# Multi Model Building (Batch 1)

In [1]:
FITTING_BATCH_NUM = 1

In [2]:
# Remove TF logging warnings
import os
os.environ['TF_CPP_MIN_LOG_LEVEL'] = '3'

In [3]:
import pandas as pd
import tensorflow as tf
import keras
from keras import layers
from model_helper_functions import create_fit_and_save_model, send_ifttt_notification, update_top_values
from data_pipeline import prep_data, get_train_val_test_data
from itertools import product
import re
import pathlib
import shutil

# Import correct optimizer
import platform
if platform.system() == "Darwin" and platform.processor() == "arm":
    from keras.optimizers.legacy import RMSprop, Adam
else:
    from keras.optimizers import RMSprop, Adam

In [4]:
# Remove TF logging warnings
tf.get_logger().setLevel('ERROR')

In [5]:
tf.random.set_seed(15)
keras.utils.set_random_seed(15)

In [6]:
data_dir = '../bears'
df = prep_data(data_dir)
train_df, val_df, test_df = get_train_val_test_data(df)
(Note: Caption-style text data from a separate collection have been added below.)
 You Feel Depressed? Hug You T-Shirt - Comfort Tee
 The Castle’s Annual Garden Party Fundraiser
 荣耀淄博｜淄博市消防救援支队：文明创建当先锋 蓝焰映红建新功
Training set: 70%, Validation set: 22.5%, Test set: 7.5%


In [7]:
image_count = len(list(pathlib.Path(data_dir).glob('*/*')))
print('Total image count:',image_count)
print('Image count equal to dataframe length?', image_count == len(df))

Total image count: 288
Image count equal to dataframe length? True


In [8]:
num_train_samples = len(train_df)
num_val_samples = len(val_df)
num_test_samples = len(test_df)
print('Number of training samples:',num_train_samples)
print('Number of validation samples:',num_val_samples)
print('Number of test samples:',num_test_samples)
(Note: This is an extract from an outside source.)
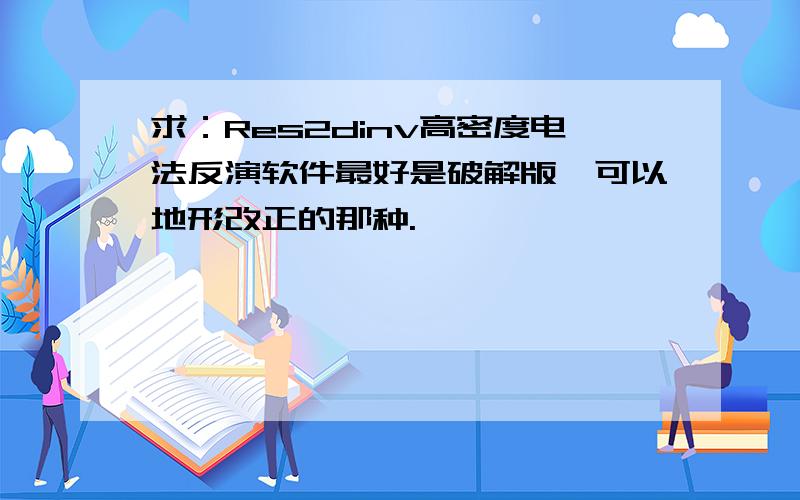 求：Res2dinv高密度电法反演软件最好是破解版,可以地形改正的那种.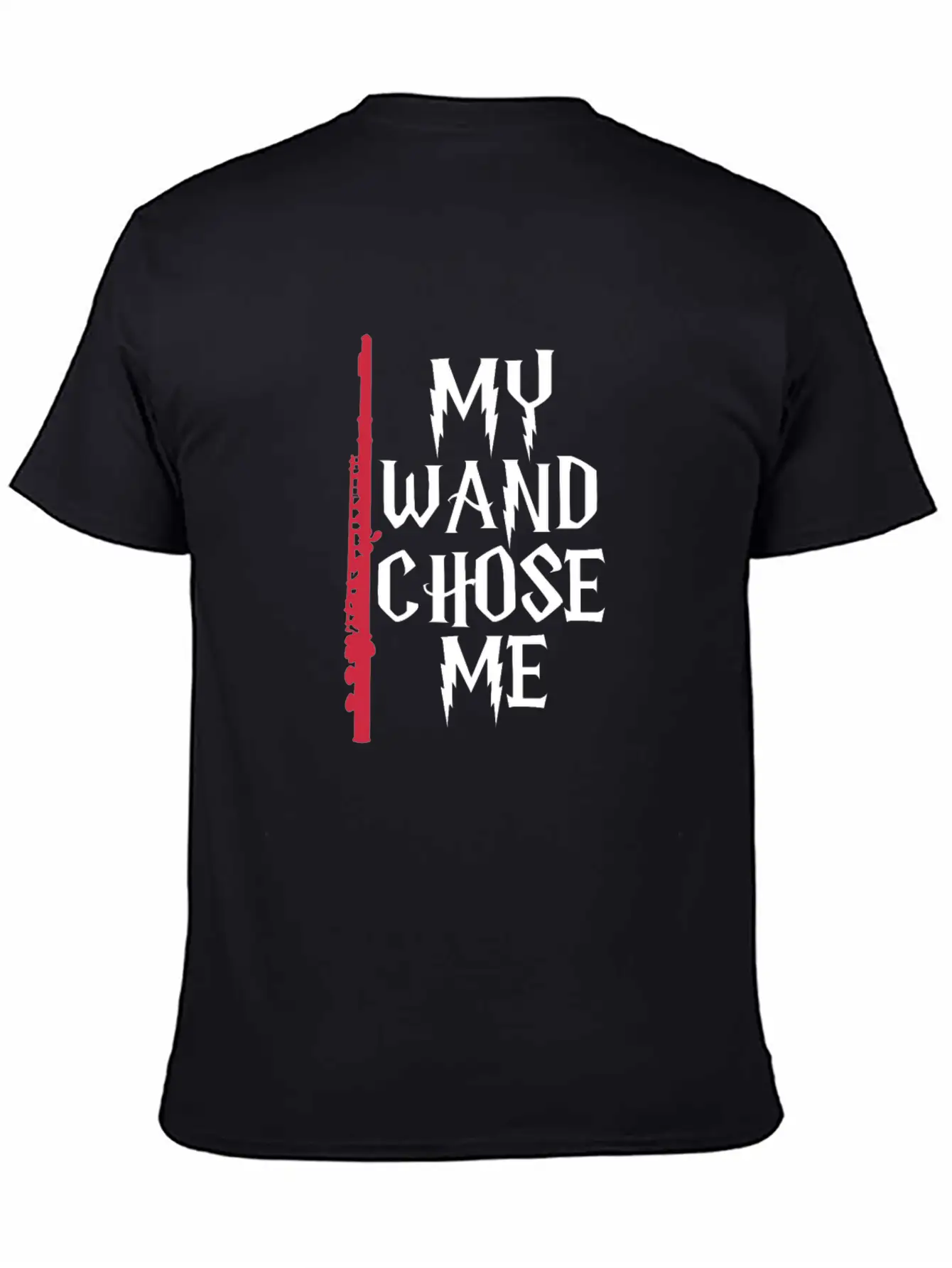 My Wand Chose Me Flute Unisex Casual T-Shirt – Clean Design For Daily Comfort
Number of training samples: 201
Number of validation samples: 65
Number of test samples: 22


---

## Hyperparameter Grid

In [9]:
g_batch_size = [4, 8]
g_epochs = [20]
g_augmentation_params = [
    # either None or (flip, rotate_factor, zoom_factor, random_flip_str)
    None,
    (True, 0.25, 0.25, 'horizontal'),
]
g_cnn_params = [
    # cnn_units, cnn_filters, cnn_strides
    [(32,), [(3,3)], [(1,1)]],
    [(32, 64), [(5,5), (3,3)], [(2,2), (1,1)]],
]
g_dropout = [0, 0.5]
g_dense_units = [
    (32, 3),
    (64, 3),
]
g_activation = ['relu']
g_optimizer = [Adam]
g_earlystop_patience = [5, 10]
g_reducel_patience = [1]

In [10]:
all_combinations = list(product(g_batch_size, g_epochs, g_augmentation_params, g_cnn_params, g_dropout,
                                g_dense_units, g_activation, g_optimizer, g_earlystop_patience, g_reducel_patience))
print(f'There are {len(all_combinations)} parameter combinations to run.')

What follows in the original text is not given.